RECORDS FOR THIS EXERCISE section start
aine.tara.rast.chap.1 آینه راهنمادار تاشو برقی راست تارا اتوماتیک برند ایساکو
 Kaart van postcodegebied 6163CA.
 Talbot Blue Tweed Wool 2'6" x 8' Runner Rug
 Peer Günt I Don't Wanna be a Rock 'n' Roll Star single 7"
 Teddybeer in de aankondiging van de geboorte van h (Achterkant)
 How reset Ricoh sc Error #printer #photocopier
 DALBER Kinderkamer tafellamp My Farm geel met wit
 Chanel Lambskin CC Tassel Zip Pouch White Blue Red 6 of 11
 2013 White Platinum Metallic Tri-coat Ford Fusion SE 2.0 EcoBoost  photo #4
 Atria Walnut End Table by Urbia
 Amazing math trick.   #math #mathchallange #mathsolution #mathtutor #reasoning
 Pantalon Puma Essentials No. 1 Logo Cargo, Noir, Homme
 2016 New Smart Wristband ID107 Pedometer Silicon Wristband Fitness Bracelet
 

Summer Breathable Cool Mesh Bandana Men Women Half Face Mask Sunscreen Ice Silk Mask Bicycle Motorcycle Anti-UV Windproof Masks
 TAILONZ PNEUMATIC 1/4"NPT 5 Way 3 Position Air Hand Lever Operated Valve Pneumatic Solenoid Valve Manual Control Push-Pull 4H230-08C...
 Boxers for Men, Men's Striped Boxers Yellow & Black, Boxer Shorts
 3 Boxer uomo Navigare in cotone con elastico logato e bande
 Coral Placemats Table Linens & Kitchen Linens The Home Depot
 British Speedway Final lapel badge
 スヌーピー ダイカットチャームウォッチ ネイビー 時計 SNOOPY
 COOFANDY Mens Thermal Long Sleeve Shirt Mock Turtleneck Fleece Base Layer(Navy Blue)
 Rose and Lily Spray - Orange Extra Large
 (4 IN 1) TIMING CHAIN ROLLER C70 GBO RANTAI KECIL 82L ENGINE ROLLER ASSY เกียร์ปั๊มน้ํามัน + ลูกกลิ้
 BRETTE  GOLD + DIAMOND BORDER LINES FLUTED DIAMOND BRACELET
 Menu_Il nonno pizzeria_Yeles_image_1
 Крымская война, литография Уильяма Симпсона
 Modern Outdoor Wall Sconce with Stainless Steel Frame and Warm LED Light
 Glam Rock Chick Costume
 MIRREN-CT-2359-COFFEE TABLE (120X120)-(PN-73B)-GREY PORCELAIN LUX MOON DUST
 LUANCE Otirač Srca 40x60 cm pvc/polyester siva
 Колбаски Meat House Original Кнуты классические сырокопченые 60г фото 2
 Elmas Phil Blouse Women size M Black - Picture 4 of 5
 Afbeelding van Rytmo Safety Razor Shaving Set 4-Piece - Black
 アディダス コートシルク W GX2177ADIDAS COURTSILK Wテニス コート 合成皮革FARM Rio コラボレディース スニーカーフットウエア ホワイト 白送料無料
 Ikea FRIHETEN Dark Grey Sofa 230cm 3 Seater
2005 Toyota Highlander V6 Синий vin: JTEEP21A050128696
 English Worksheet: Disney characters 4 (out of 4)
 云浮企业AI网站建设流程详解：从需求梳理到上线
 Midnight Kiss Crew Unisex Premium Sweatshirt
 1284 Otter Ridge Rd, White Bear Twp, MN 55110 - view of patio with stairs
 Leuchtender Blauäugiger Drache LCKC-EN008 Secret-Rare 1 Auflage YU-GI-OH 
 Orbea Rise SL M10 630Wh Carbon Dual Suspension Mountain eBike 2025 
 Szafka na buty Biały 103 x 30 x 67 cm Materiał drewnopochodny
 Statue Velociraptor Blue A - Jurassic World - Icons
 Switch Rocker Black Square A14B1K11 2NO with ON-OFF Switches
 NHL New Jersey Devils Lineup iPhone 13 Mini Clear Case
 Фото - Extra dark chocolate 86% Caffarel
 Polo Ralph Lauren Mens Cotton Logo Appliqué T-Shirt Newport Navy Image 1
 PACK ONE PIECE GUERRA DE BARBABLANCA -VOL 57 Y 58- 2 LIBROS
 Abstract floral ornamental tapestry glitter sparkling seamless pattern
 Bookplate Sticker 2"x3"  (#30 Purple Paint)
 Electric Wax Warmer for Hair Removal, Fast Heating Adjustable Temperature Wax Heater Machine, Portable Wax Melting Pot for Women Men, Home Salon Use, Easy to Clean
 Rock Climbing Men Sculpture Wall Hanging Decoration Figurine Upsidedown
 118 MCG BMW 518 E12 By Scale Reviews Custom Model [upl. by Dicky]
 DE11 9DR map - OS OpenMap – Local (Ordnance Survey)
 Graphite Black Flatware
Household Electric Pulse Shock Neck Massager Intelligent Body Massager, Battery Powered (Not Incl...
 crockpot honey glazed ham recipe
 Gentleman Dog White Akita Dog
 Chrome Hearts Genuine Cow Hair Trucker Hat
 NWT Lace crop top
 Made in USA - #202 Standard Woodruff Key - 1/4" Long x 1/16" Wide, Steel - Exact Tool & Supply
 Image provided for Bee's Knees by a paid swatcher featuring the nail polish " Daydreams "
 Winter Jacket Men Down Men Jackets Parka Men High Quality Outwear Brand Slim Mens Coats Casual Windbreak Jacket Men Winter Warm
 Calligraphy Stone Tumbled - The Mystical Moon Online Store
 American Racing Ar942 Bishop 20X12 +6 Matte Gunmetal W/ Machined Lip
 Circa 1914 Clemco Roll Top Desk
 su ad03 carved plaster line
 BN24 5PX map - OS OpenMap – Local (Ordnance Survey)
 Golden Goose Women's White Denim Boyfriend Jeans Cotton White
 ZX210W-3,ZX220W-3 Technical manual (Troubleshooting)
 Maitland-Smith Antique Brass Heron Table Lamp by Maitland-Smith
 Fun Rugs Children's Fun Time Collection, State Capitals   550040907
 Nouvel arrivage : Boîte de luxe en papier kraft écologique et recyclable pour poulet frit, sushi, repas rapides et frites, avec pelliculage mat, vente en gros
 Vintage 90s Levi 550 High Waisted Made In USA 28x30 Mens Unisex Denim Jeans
RECORDS FOR THIS EXERCISE section end
== YOUR ASSIGNMENT ==
Lines holding the word "Home" are the answer; copy each one from the records above.

== RESPONSE FOR THIS EXERCISE ==
 Coral Placemats Table Linens & Kitchen Linens The Home Depot
 Electric Wax Warmer for Hair Removal, Fast Heating Adjustable Temperature Wax Heater Machine, Portable Wax Melting Pot for Women Men, Home Salon Use, Easy to Clean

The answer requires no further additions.